Later, I’m sitting on the floor because my desk is still in a box, and I remember the man I saw earlier. I remember first his clothes. I wonder why they’re called fatigues. I think they’re named appropriately. Fatigue. Weary. Exhausted. I can’t envision fighting a war that I’m supposed to win, when my clothes are already telling me how tired I am. I remember his eyes. They were brown. Our gazes locked only for a moment, but it was enough. In his eyes, I saw his clothes.
My desk is still in the box. I get dressed for work. My clothes are supposed to say stable, or functioning, something like that. I still think of the soldier. I remember his tattered backpack. I wonder what was in his backpack as I grab mine. Maybe we have something similar in them. My bag isn’t tattered. His bag says the same thing as his clothes. Worn out.
“I take the desk parts out of the box. All twenty-five pieces are lying on the floor. I’ll do the rest later. Back on the list… “Assemble Desk.”
“How’s the desk coming?” Stephanie asks me.
“In pieces. How’s your cold?” I ask.
“A little better.” She says.
“That’s good.” I respond.
She doesn’t really care about my desk. She’ll get over her cold. These are the things people say when they want to reassure the other person that they’re paying attention to their lives. It’s polite. Stephanie is a hypocrite. So am I.
Thanksgiving was yesterday. My Mom is outside stringing up Christmas decorations. The desk is still on the floor.
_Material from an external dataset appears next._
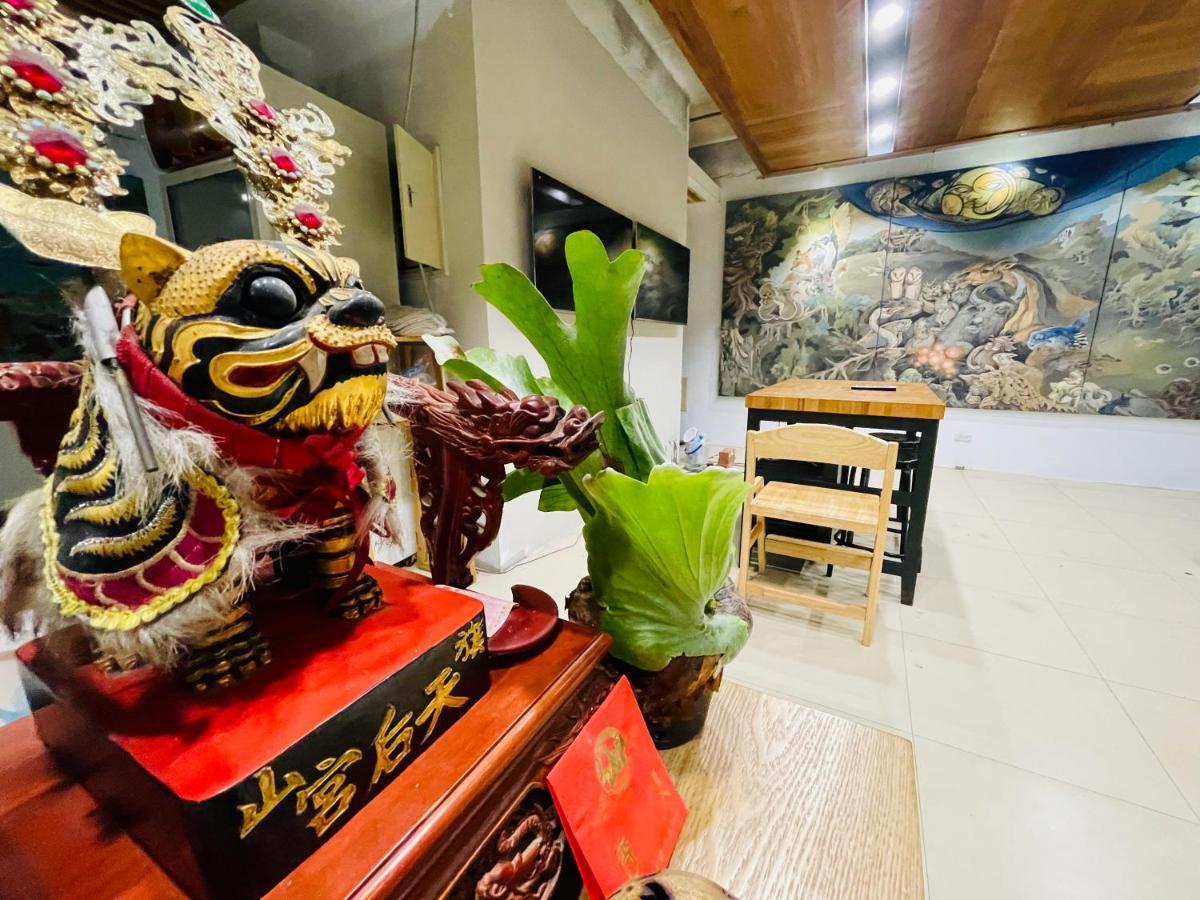 浯島文旅wd Hotel Цзиньху Экстерьер фото
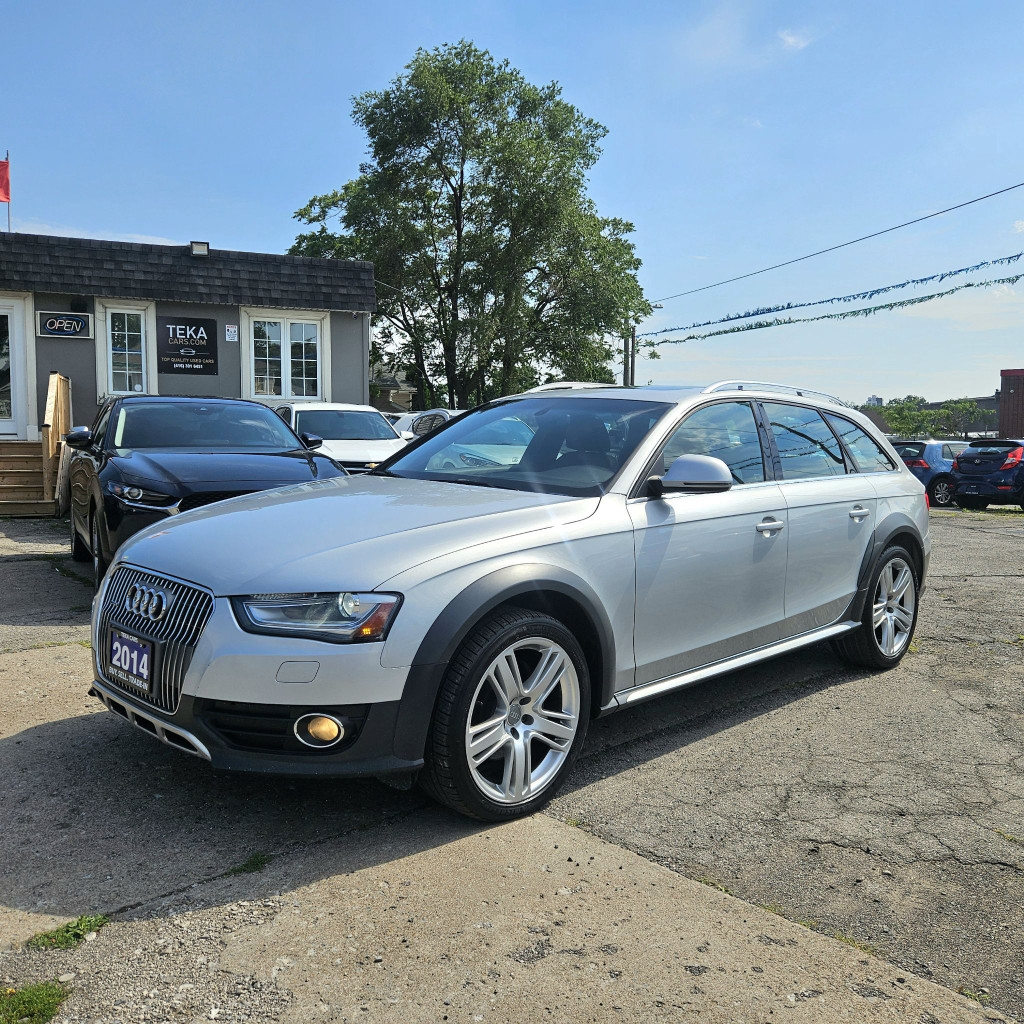 2014 Audi Allroad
“Why aren’t you helping me?” She asks.
“You didn’t ask me to.” I say.
“Why is your desk still on the floor?” Why does everyone keep asking me that?
“Why rush? I don’t have anything to put on it anyway,” I tell her.
“You’re computer is on the floor.” She reminds me.
“I know. It doesn’t mind.” I say.
“Jackass,” My Mom says with a smile. I like her sense of humor.
“Joey is coming over later. He’ll want to see your room.” She tells me.
I go upstairs and stare at the pieces of desk on my floor. The box tells me it weighs two-hundred and nineteen pounds. This is going to be a blast.
“Sissa, book? Pen?” Joey asks me. I smile. The smartest two-year old I’ve ever met. I notice his pants. Army fatigues. I remember the soldier’s brown eyes. Joey looks up at me. His eyes are brown, too. They’re different. I don’t see his clothes in his eyes. Joey is never tired.
We sit at the new desk, Joey’s warm little body perched on my knee, and we draw together.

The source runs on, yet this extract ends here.